What the task requires:
In the listing below, find the line with "istock Pine trees" and the line with "Hasselblad Awards 2013", then return them and every line between them exactly, minus the pictures.

Material to process:

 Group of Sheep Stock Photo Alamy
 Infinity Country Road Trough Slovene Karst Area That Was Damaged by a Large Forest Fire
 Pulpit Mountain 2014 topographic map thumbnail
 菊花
---
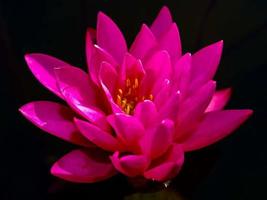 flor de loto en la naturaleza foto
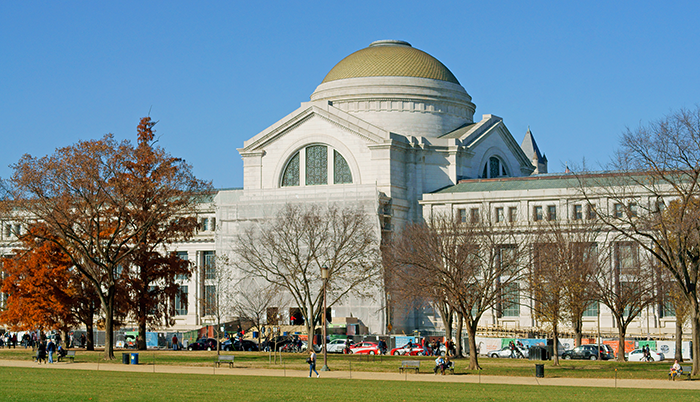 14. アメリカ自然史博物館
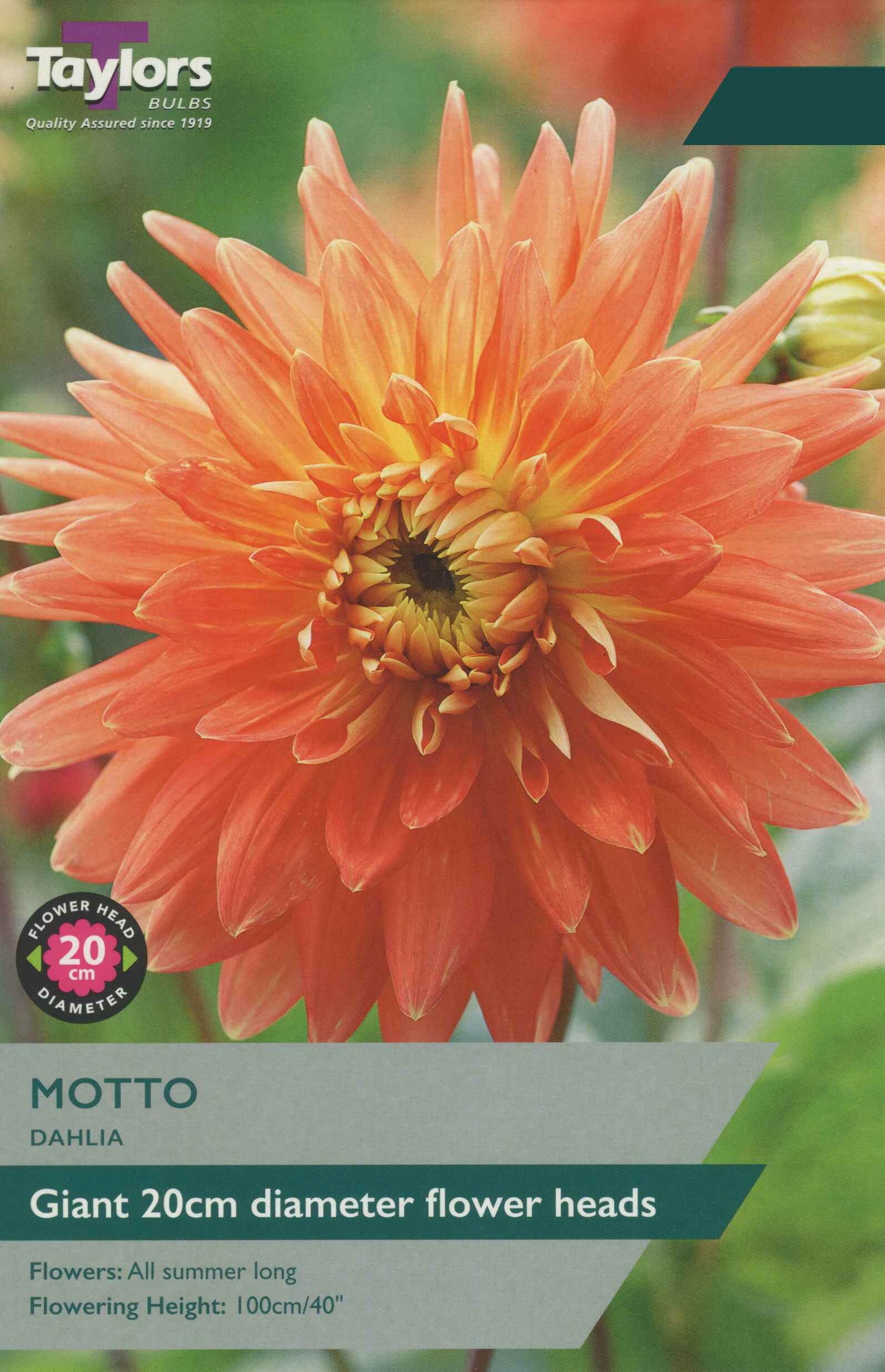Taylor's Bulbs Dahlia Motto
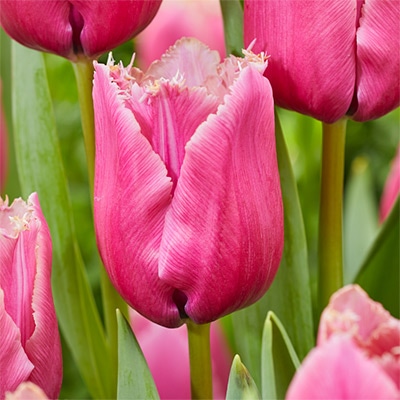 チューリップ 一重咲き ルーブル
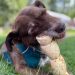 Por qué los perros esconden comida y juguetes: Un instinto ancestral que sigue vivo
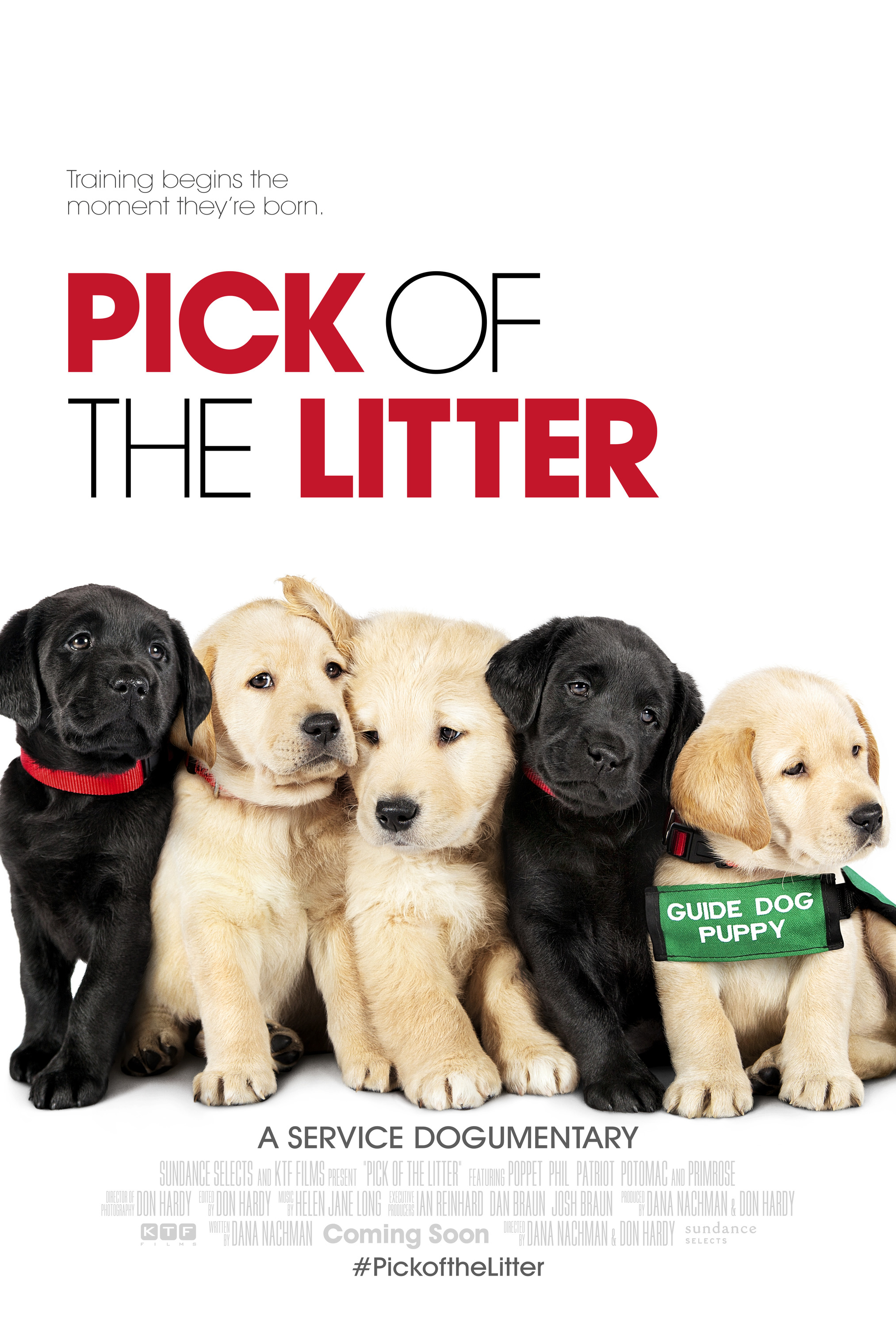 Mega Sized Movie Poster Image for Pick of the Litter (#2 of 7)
...
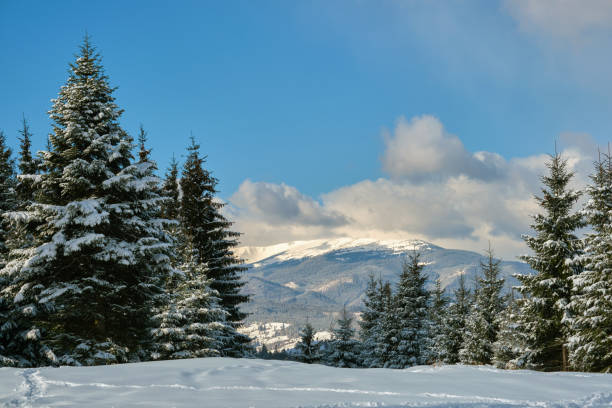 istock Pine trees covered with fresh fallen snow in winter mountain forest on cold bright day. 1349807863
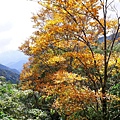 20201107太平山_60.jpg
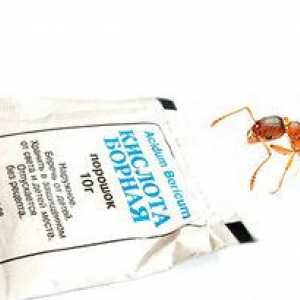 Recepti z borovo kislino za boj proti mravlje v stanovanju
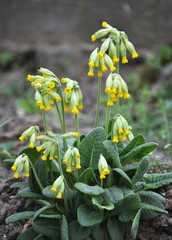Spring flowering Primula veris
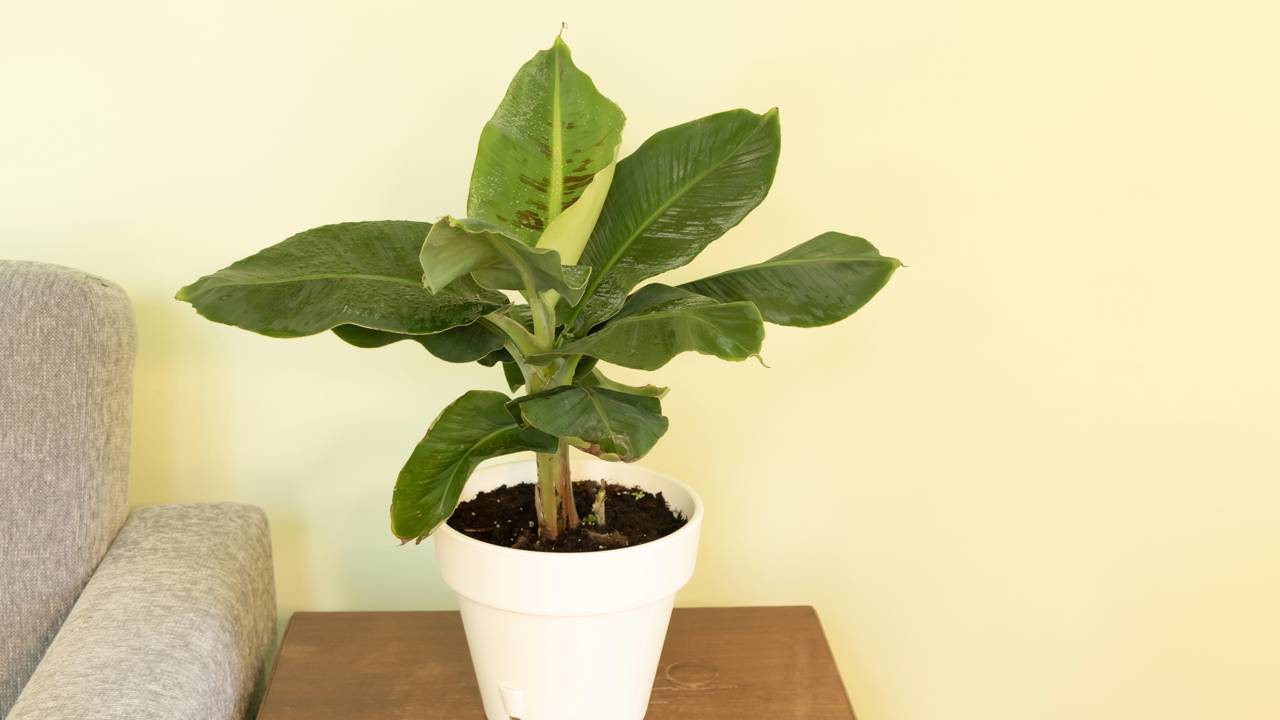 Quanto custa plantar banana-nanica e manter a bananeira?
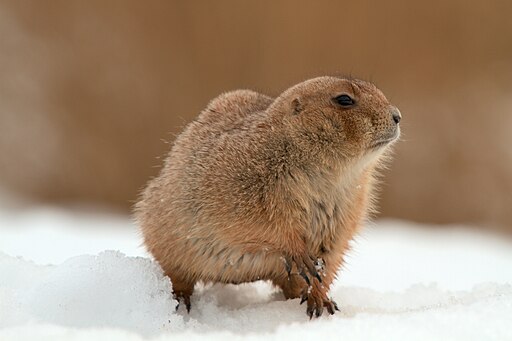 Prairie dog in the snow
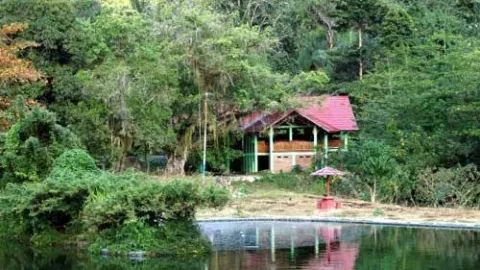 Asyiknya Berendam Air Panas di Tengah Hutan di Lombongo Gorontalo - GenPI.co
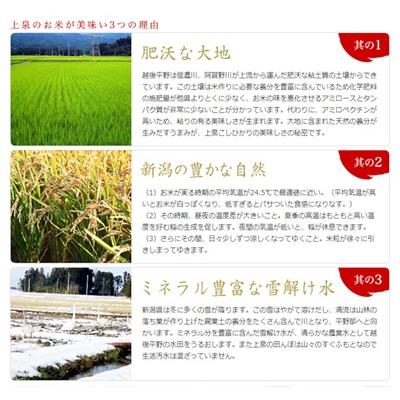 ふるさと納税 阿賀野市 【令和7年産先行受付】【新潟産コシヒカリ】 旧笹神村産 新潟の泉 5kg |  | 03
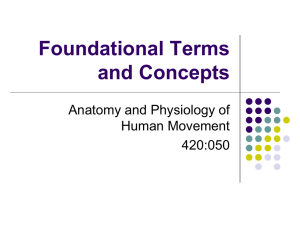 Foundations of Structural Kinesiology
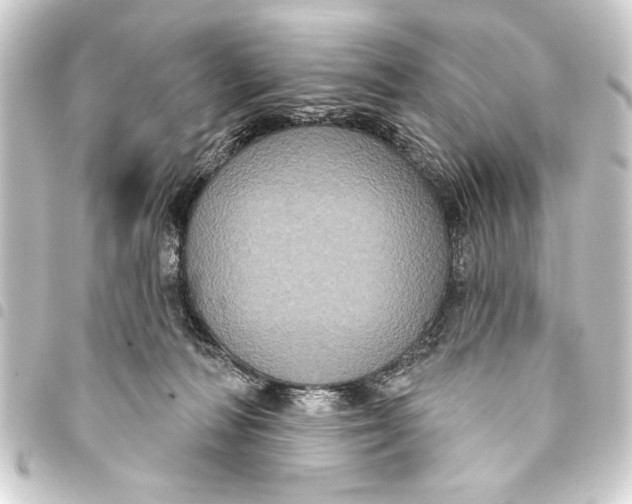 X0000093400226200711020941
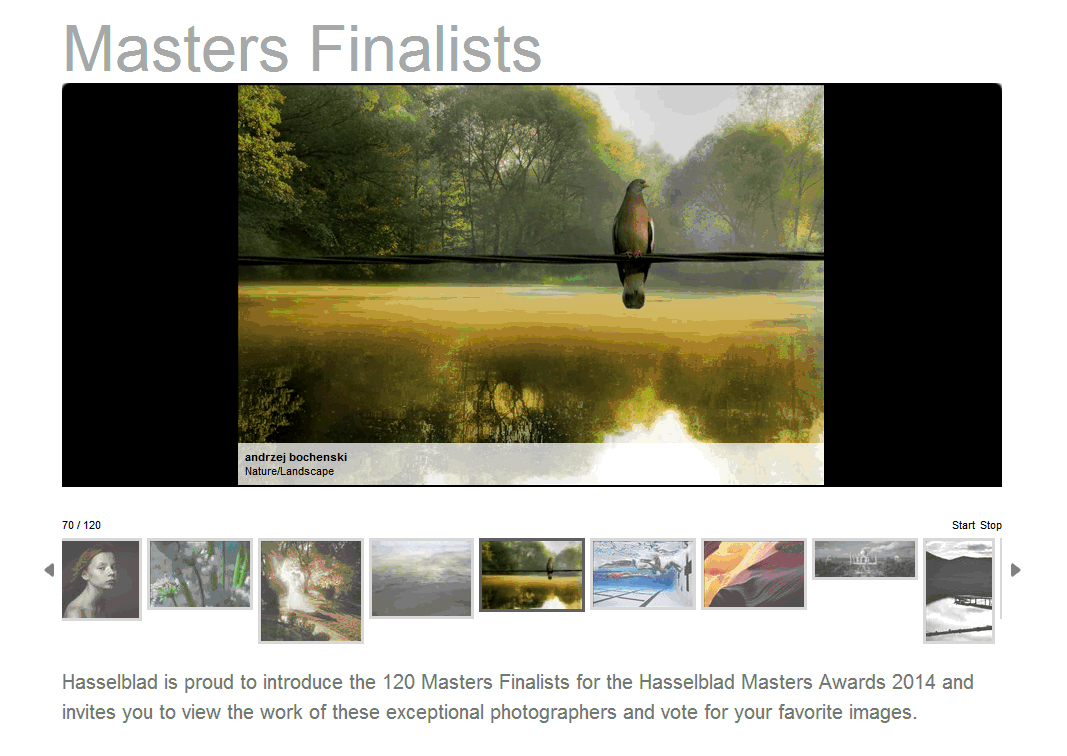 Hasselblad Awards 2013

Answer space:
 istock Pine trees covered with fresh fallen snow in winter mountain forest on cold bright day. 1349807863
 20201107太平山_60.jpg
 Recepti z borovo kislino za boj proti mravlje v stanovanju
Spring flowering Primula veris
 Quanto custa plantar banana-nanica e manter a bananeira?
 Prairie dog in the snow
 Asyiknya Berendam Air Panas di Tengah Hutan di Lombongo Gorontalo - GenPI.co
 ふるさと納税 阿賀野市 【令和7年産先行受付】【新潟産コシヒカリ】 旧笹神村産 新潟の泉 5kg |  | 03
 Foundations of Structural Kinesiology
 X0000093400226200711020941
 Hasselblad Awards 2013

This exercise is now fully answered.